Antique Musical Instruments/Trumpet repair
Expert: Kenton Scott - 5/20/2005
QuestionDear Kenton,
Do you work with modern instruments also? I'm learning to repair instruments on my own, have a Yamaha trumpet I'm practicing (repair work) on. The valves don't work smoothly. I've honed the casings and now they're very smooth and shiny, but there are little vertical scratches on the pistons, and tiny dots of rust on them. How do I deal with that? Also, can you explain the general procedure of valve lapping to me? (I just ordered a valve lapping block from Allied Supply.)
I appreciate your input very much.
Joe Tein
AnswerHi Joe,
>Do you work with modern instruments also?
Yes.
>I'm learning to repair instruments on my own
Well, first you need to decide what the problem is. There is nothing that make you feel quite so foolish as working and working trying to fix problem X, when the real problem is Y. Or worse, yet by trying to fix X you end up doing more damage.
Usually, poorly working valves are the result of some tolerances being too close. Don't forget to check for the easy things first. Like make sure the stem isn't rubbing on the valve cap, that there is something defective with the spring, or it is just plain dirty.
Then you need to determine whether the problem is in the casing or the valve. An easy way to check that on modern horns is to swap valves. A defective valve will show similar probems in each casing and a defective casing will show the same problem with different valves.

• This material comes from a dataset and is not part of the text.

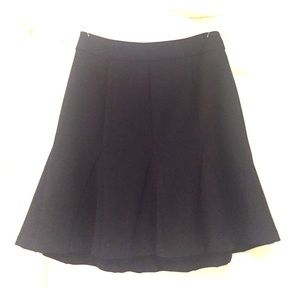 Mid waist, a-line skirt.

Also consider the possibility that both the casing and the valve are damaged.
Do you have the Ferree's catalog? In there they have casing mandrels and valve sleeves that can help you get casings and valves undented and round again.

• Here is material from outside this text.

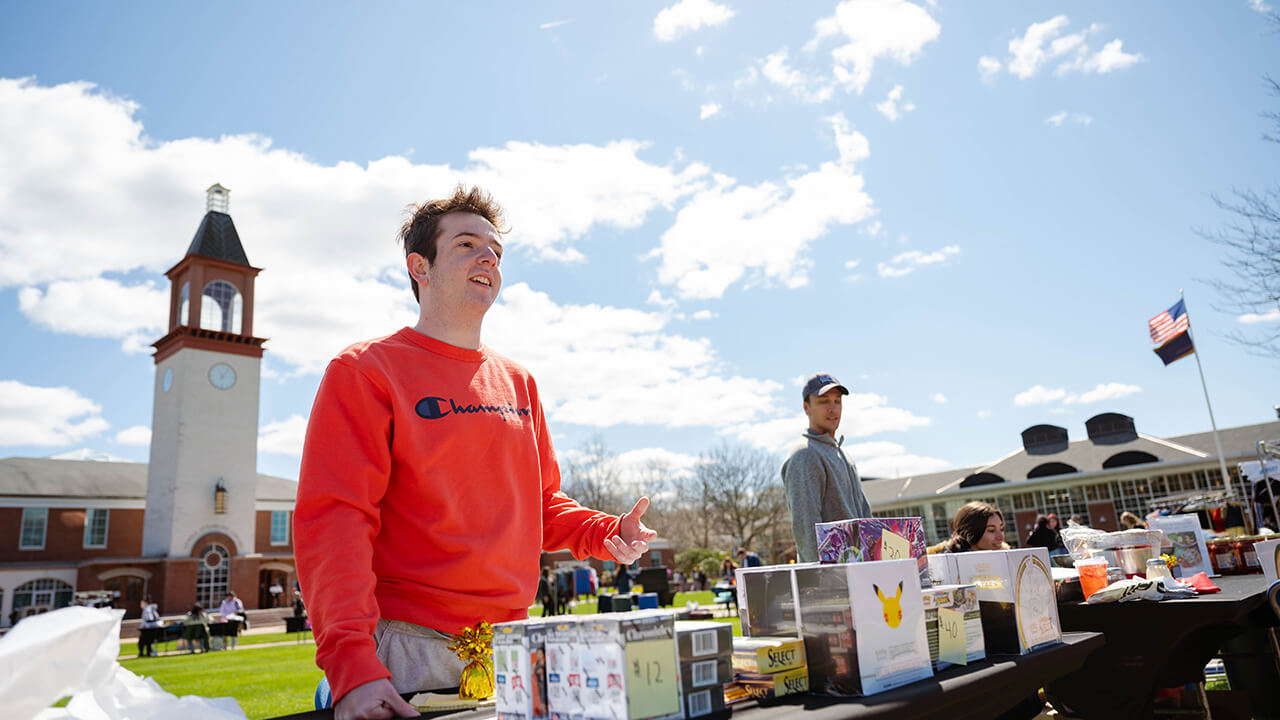 A student gestures to his merchandise.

The last thing on the list is lapping. I assume that the block you ordered from Allied is one of those wooden ones with the hinge. I have one of those too, but have never actually used it. I think it is best suited to rough work.
Allied adjustable valve casing laps are good for smoothing out casings, but for the piston, I think simply working in the casing is the best.
Smear lapping compound on the piston and start working the valve in its casing. It will be removing material where the tolerances are too close. Just keep working it till you don't feel the drag any more. I have a dowel rod I will use to push up from the bottom of the casing and I have a piece of flat bar with a hole in the center to put under the valve button, if it is a little to stiff to do comforably otherwise. Be careful you don't dent the valve with the dowel rod. (I broke the bottom out of one one time.) [If the valve is that stiff, you better go back a step or two.]